JLI : Ok… Je suis scénariste, dessinateur et directeur de collection (Soleil Celtic, 1800, Soleil Ésotérique…) en majeure partie pour les éditions Soleil. Comme beaucoup d’auteurs, ce sont mes lectures qui m’ont donné envie de faire de la BD et ce, très vite après avoir découvert les comics. A l’époque, le cinéma était encore loin d’offrir toutes les possibilités inhérentes à la BD. Désormais, bien sûr, tout cela a changé. Il reste que la BD est le média le plus intéressant à mon sens pour s’épanouir lorsqu’on écrit et dessine, ce qui est mon cas.
Quelles sont tes influences ?
JLI : En tant que scénariste, je dirai, Frank Miller depuis Ronin, Tarantino depuis Pulp Fiction, Stephen King et Frank Herbert depuis toujours. En n’oubliant pas mes cinéastes préférés : Dario Argento, Sam Raimi, David Lynch et Roman Polanski. Dernièrement, je suis très sensible à certaines séries TV : les Dexter, les Luther m’imprègnent beaucoup. En tant que dessinateur, John Byrne (pour mes débuts), Régis Loisel (qui m’a aidé à arrondir mon dessin et à me lâcher) et plus récemment François Boucq pour certains encrages. J’apprends beaucoup en travaillant avec des talents différents. Dernièrement, j’ai étudié de très près le style de Thimothée Montaigne.
Certains ont oublié mais tu as commencé ta carrière comme dessinateur. Pourquoi n’illustres-tu plus ? Manque d'envie ? De temps ?
JLI : Plus précisément, je n’ai pas commencé comme dessinateur, j’ai commencé en tant que scénariste et dessinateur. Pourquoi je n’illustre plus ? J’ai plusieurs réponses à cette question. Vous voulez laquelle ? Je varie selon l’inspiration du moment. Hier, je disais : « Je préfère écrire un roman ! ». Aujourd’hui, je dis : « Je n’en ai pas envie. Tout simplement. ». De toute façon, je croule sous le travail et si je veux le faire avec attention, il faut que je me ménage. » Demain, je dirai : « Je pense qu’en fait, j’attends qu’on me sollicite. Un grand scénariste, un beau sujet et je dis oui ! Mais pas pour une longue série. » En parallèle, je pense qu’il me reste beaucoup de travail pour atteindre le niveau requis par la BD d’aujourd’hui. Ça m’effraie un peu mais c’est aussi très excitant.
Tu nous confiais que tu n'arrivais pas à écrire un scénario pour que tu l'illustres, mais pourquoi ne pas demander à un autre auteur de te l'écrire ?

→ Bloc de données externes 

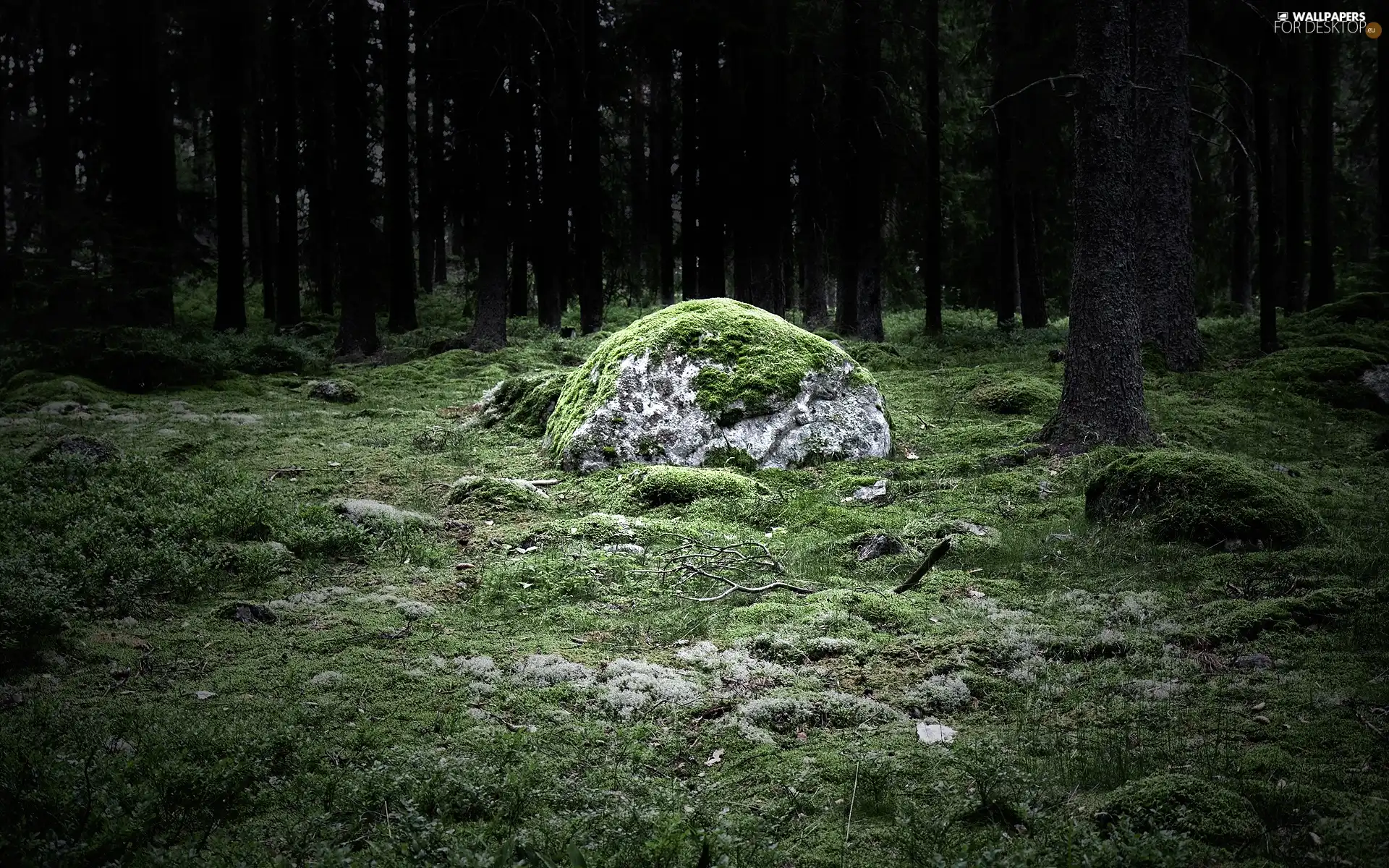 trees, Rocks, Moss, viewes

JLI : C’est ce que j’ai fait pour les Brumes d’Asceltis. Cette BD est née de ma rencontre avec Nicolas Jarry, alors romancier chez Mnemos. J’ai craqué pour son style. Si cela m’arrive à nouveau, je me lance.
Ensuite, tu es très vite devenu scénariste à part entière mais aussi directeur de collection chez Soleil. Comment s'est faite la bascule ? Comment es-tu passé du dessin à l'écriture ? Comment t'es-tu retrouvé à gérer des collections ?

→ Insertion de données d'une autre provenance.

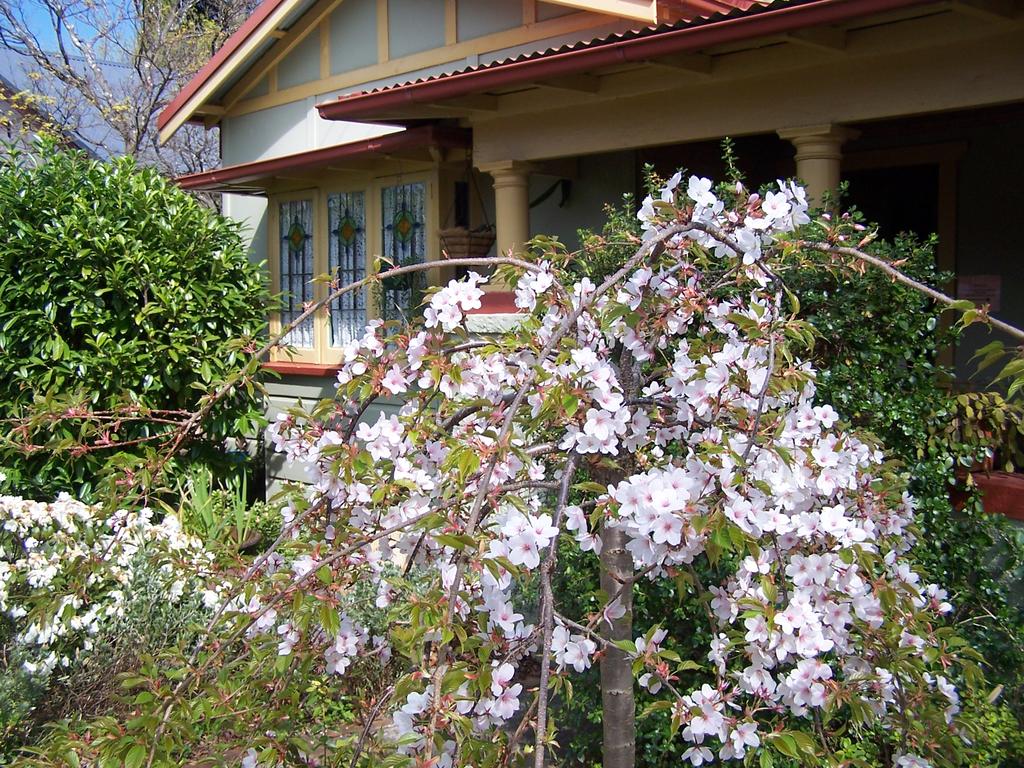 Katoomba NSW South Australia Travel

JLI : Je ne suis pas passé du dessin à l’écriture. J’ai travaillé les deux en parallèle. Mon premier contrat associait le scénariste et le dessinateur. Mais au bout de 34 pages, mon éditeur de l’époque m’a lâché. L’album, un space-opéra, n’a jamais été publié (j’ai des pages, si tu veux…). Concernant, mon travail de directeur, je ne fais pas que gérer des collections, je les crée. C’est finalement une simple extension de mon travail de créateur, mais à un autre niveau. Et à ceci près, que je me retrouve à négocier des contrats, à vérifier le travail, à participer à des réunions commerciales etc. Cet aspect des choses est beaucoup moins glamour.
Ton premier gros succès a été la série Merlin que tu as écrite. Comment as-tu eu l'idée ?

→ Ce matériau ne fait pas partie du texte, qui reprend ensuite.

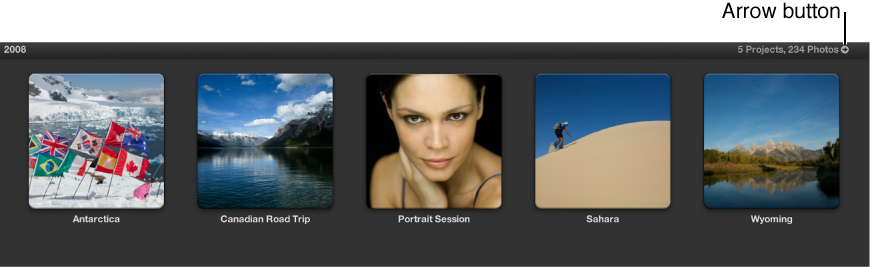 Figure. Arrow button in the row header in Projects view.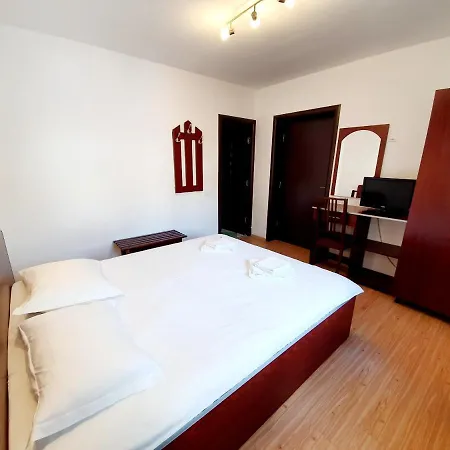 Vila Alma Azuga-2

JLI : A l’époque de la création des éditions Nuclea, je cherchais des auteurs pour développer un nouveau catalogue de BD et je suis tombé sur Eric Lambert avec qui j’ai sympathisé. Je voulais lui écrire un scénario à ceci près que nous n’avions pas forcément la bonne idée. Puis, à noël, passe un Merlin à la TV avec Sam Neill dans le rôle principal. Ce n’était pas une réussite mais ça nous a donné envie de faire un Merlin en BD. Ma première idée était de raconter la genèse du personnage, son initiation par le père Blaise et la déesse Ahès. Ce Merlin peut aussi se percevoir comme une dualité entre mon côté païen et mon éducation Chrétienne. Mes propres hésitations idéologiques apparaissent dans les 10 tomes. Avec comme victoire, une certaine idée de la tolérance.
Quel regard portes-tu sur Merlin aujourd'hui ? (sur les premiers albums)
JLI : Un brin de nostalgie. Cette série n’est pas parfaite, loin de là. C’est une œuvre de débutant. Mais elle a du cœur et je crois que c’est ce qui explique son succès. Quand je constate la façon dont la télé et le cinéma mutilent ce personnage pour en faire n’importe quoi et obtenir un rendu qui n’a pas d’âme, je me dis que nos 10 tomes ne sont pas si mauvais, finalement.
L'heroïc-fantasy est le genre pour lequel tu as le plus écrit. S'agit-il de ton registre favori ? As-tu des références particulières ou des ouvrages indispensables à tes yeux dans ce genre ?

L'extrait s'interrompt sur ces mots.